Pictures with short captions
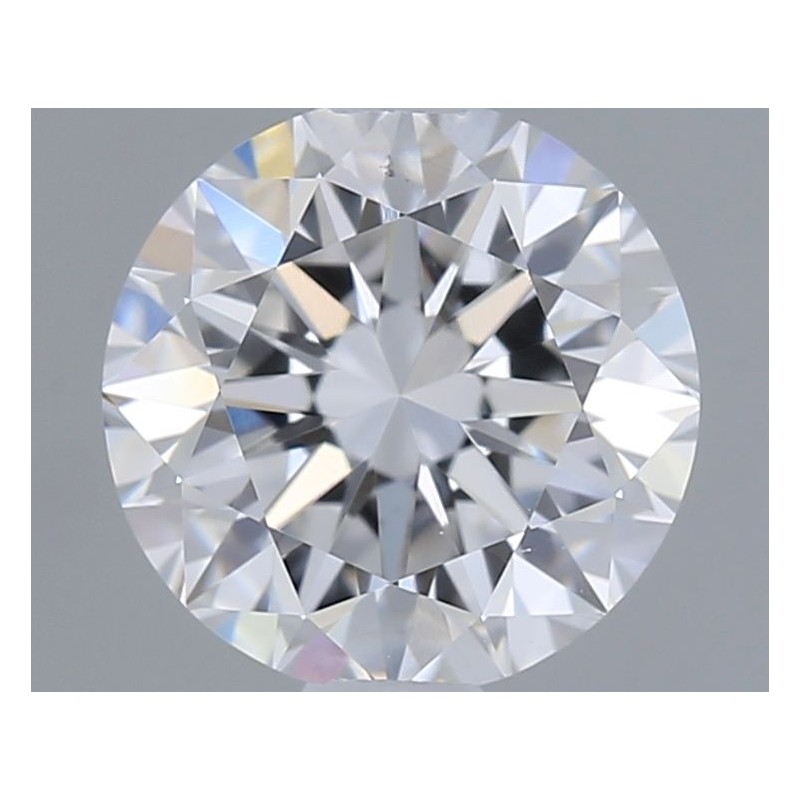 Diament laboratoryjny bezbarwny szlif okrągły, 1.01ct, VVS2, D, IGI 632405698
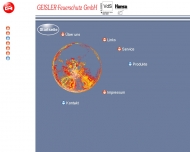 Bild Geisler Feuerschutz GmbH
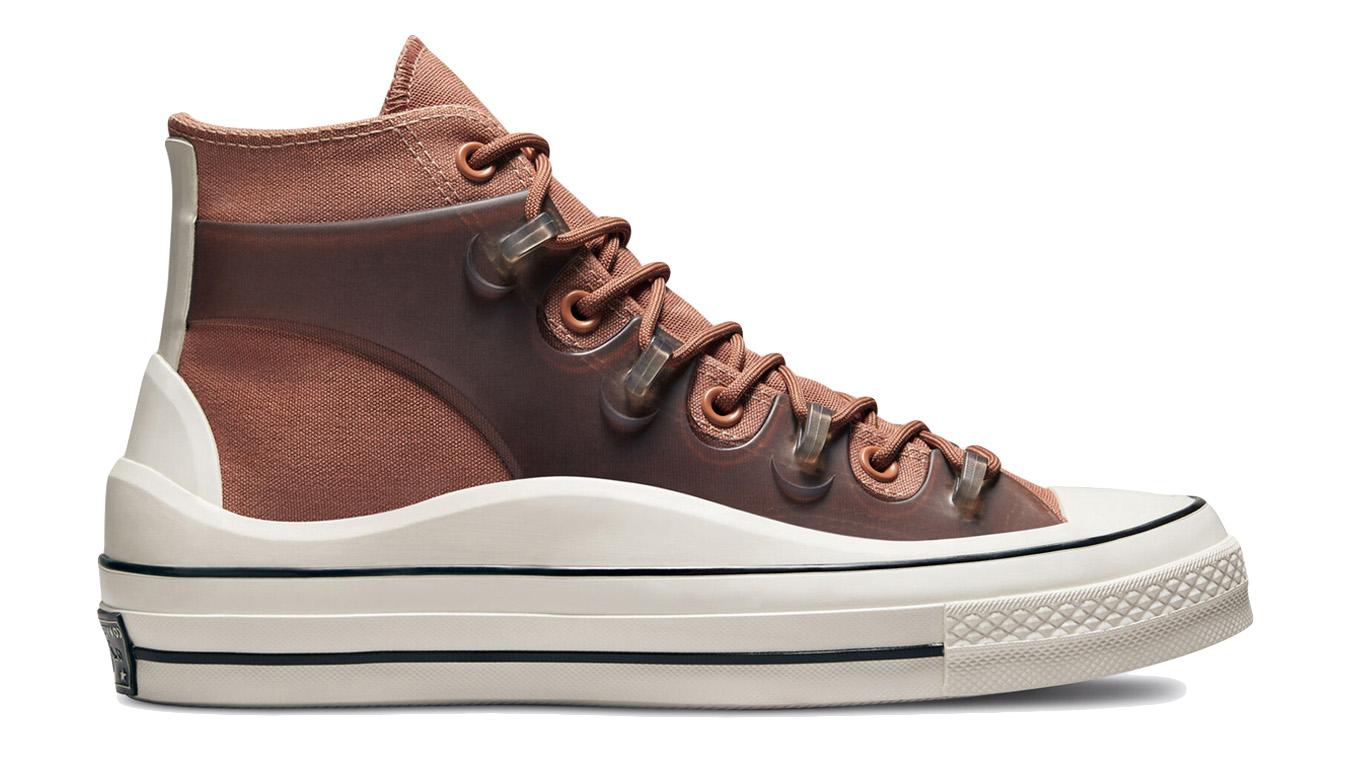 Image of Converse Chuck 70 Utility Hi CZ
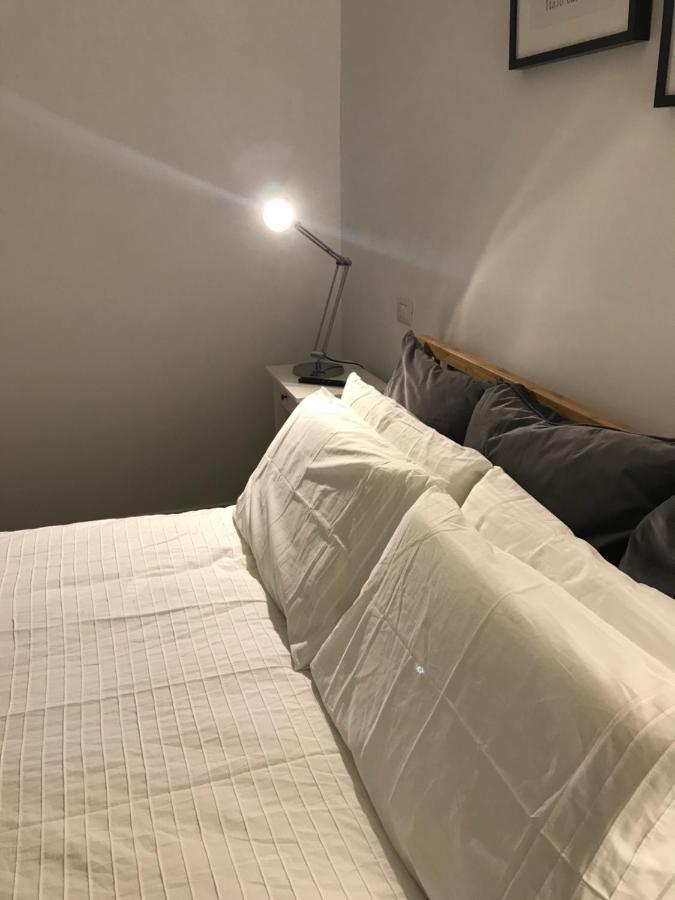 Bed and Breakfast Salerno M'Illumina Екстер'єр фото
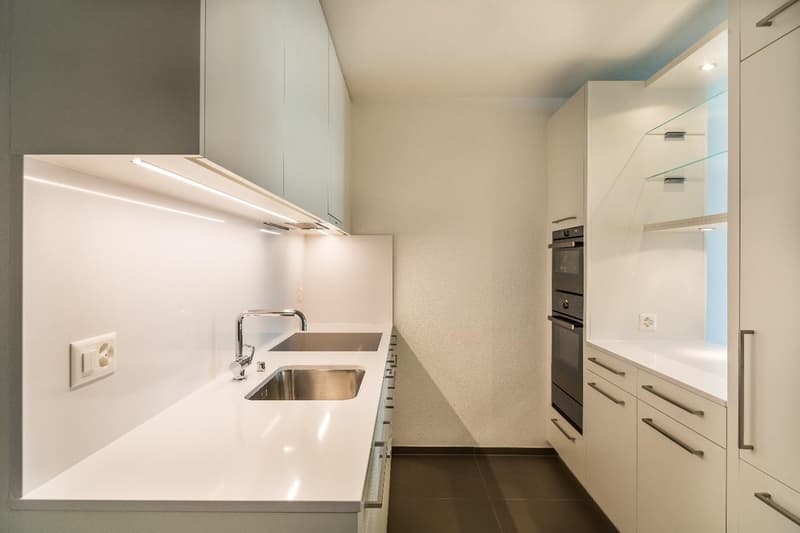 Attraktive Wohnung mit Terrasse (2)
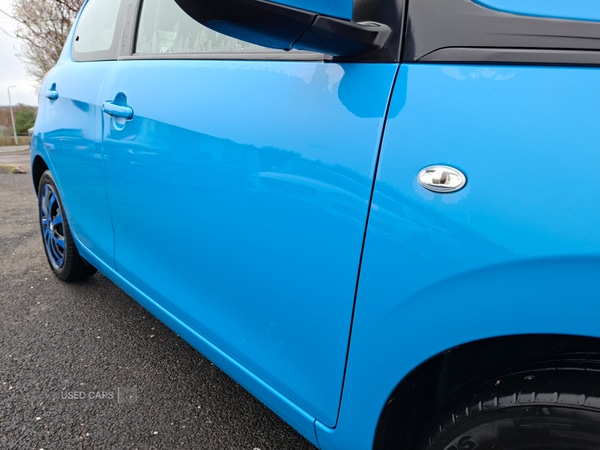 Used Peugeot 108 2016 for sale - 77854670: Photo 7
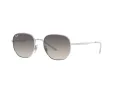 Ray-Ban RB 3682 003/11 51 Occhiali da Sole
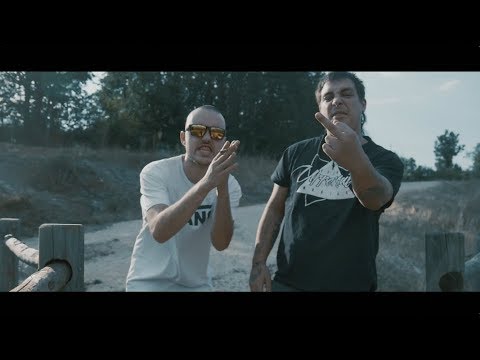 BRUCE x BOLA - SI DUELE TE AGUANTAS [VIDEOCLIP]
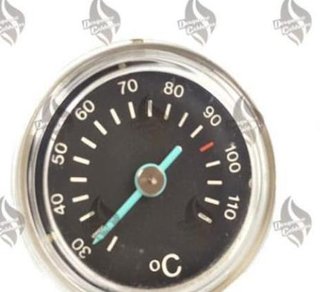 MANÓMETRO DE TEMPERATURA CALDERA NGM 13-20 SR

Your assignment - Transcribe the records verbatim, excluding pictures.

Written solution -
 Diament laboratoryjny bezbarwny szlif okrągły, 1.01ct, VVS2, D, IGI 632405698
 Bild Geisler Feuerschutz GmbH
 Image of Converse Chuck 70 Utility Hi CZ
 Bed and Breakfast Salerno M'Illumina Екстер'єр фото
 Attraktive Wohnung mit Terrasse (2)
 Used Peugeot 108 2016 for sale - 77854670: Photo 7
 Ray-Ban RB 3682 003/11 51 Occhiali da Sole
 BRUCE x BOLA - SI DUELE TE AGUANTAS [VIDEOCLIP]
 MANÓMETRO DE TEMPERATURA CALDERA NGM 13-20 SR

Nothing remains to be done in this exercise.